The killing of six million Jews is not only unfathomable in its own right, it carries a huge ripple effect, through the generations, of what could have been, but now may never be.
Certainly, the past teaches us, and the present reveals, that nothing, including hate, happens instantaneously. If it is repeatedly drummed into you that there is a group inferior to you, it becomes easier to distance yourself and dehumanize someone who is different.
How could so many communities have hated Jews with such an intense and violent loathing that an entire population, from the elderly to infants, including 1.5 million children, were targeted for annihilation?
Elie Wiesel, was victim of such hatred and he was acutely aware of a world infused by massive indifference. Yet, he refused to accept how things were and spent the rest of his life helping to enlighten us to the dangers of standing by in the presence of suffering.

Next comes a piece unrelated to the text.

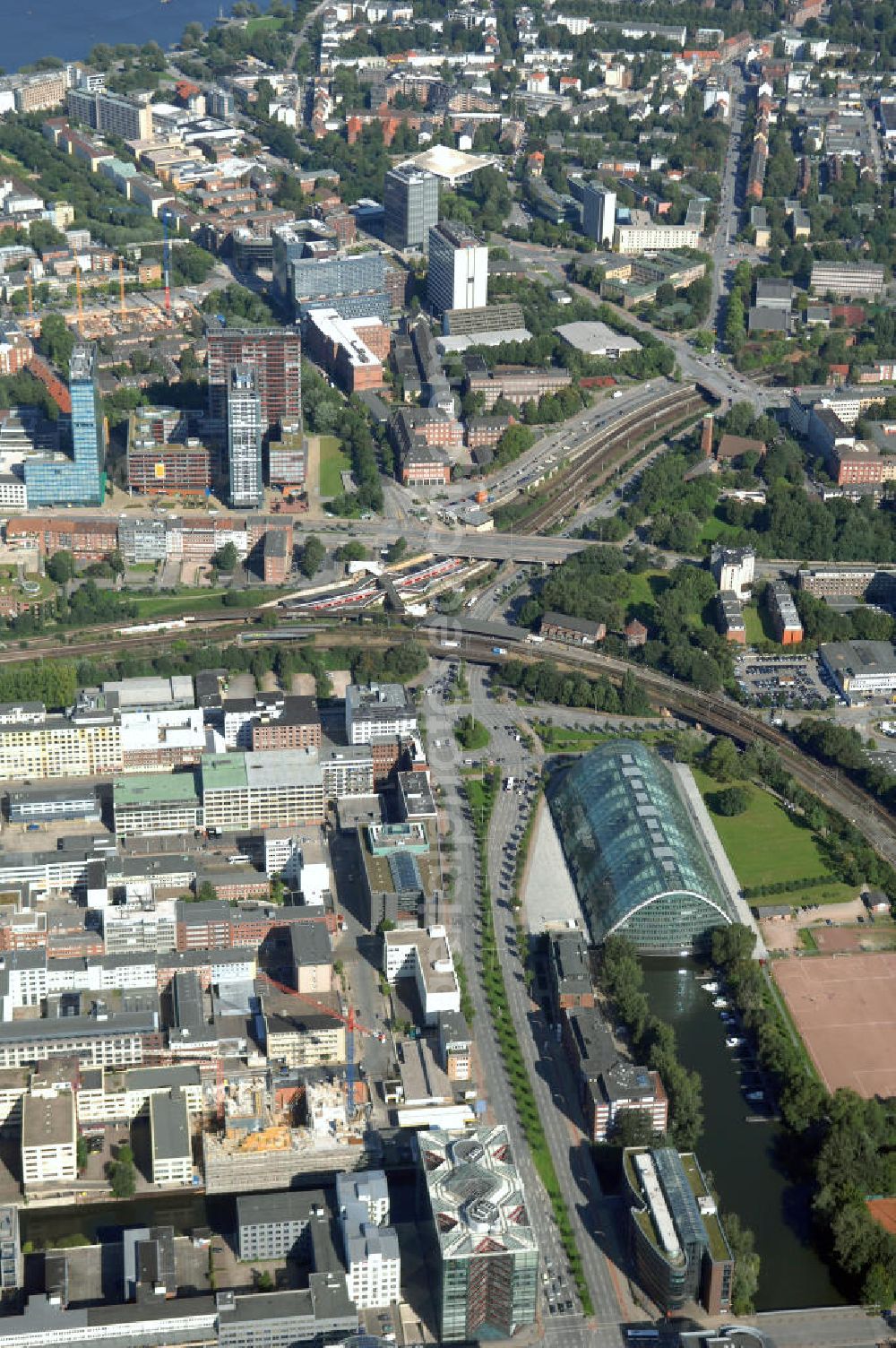 Hamburg from above - Blick auf Hamburg Mitte unter an deren mit dem Berliner Bogen auf dem Anckelmannsplatz 1. Kontakt: Hamburg Tourismus GmbH, Steinstraße 7, 20095 Hamburg, Tel: +49(0)40 30051 300, Fax +49(0)40 30051 333, Email: info@hamburg-tourismus.de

When does it become the responsibility of individuals to speak up in the face of silence? In Copenhagen, Denmark, for example, many made it a point to hide their Jewish population.
They hid them in fishing boats and snuck them to Sweden as the Nazis sought to eliminate the local Jewish community. What makes some neighbors band together for those in clear danger and distress when the most others, whether out of apathy or fear, do nothing?
Preparations for the remembrance march in Sighet, which began one year ago, will take place this weekend. Hopefully, such a commemoration is what Elie Wiesel would have expected. It is a small reflection of an understanding achieved since the Holocaust.
Before the Holocaust, there were over 14,000 Jews living in Sighet; now there are precious few. When voices remain mute, when the sidelines are replete with passive observers, the cost, or certainly the risk, we have learned, is the demise of entire communities. As Wiesel famously wrote, “The opposite of love is not hate, it’s indifference.”
Greg Schneider is the executive vice president at Conference on Jewish Material Claims Against Germany (Claims Conference). The organization is co-sponsoring the event in Sighet, Romania.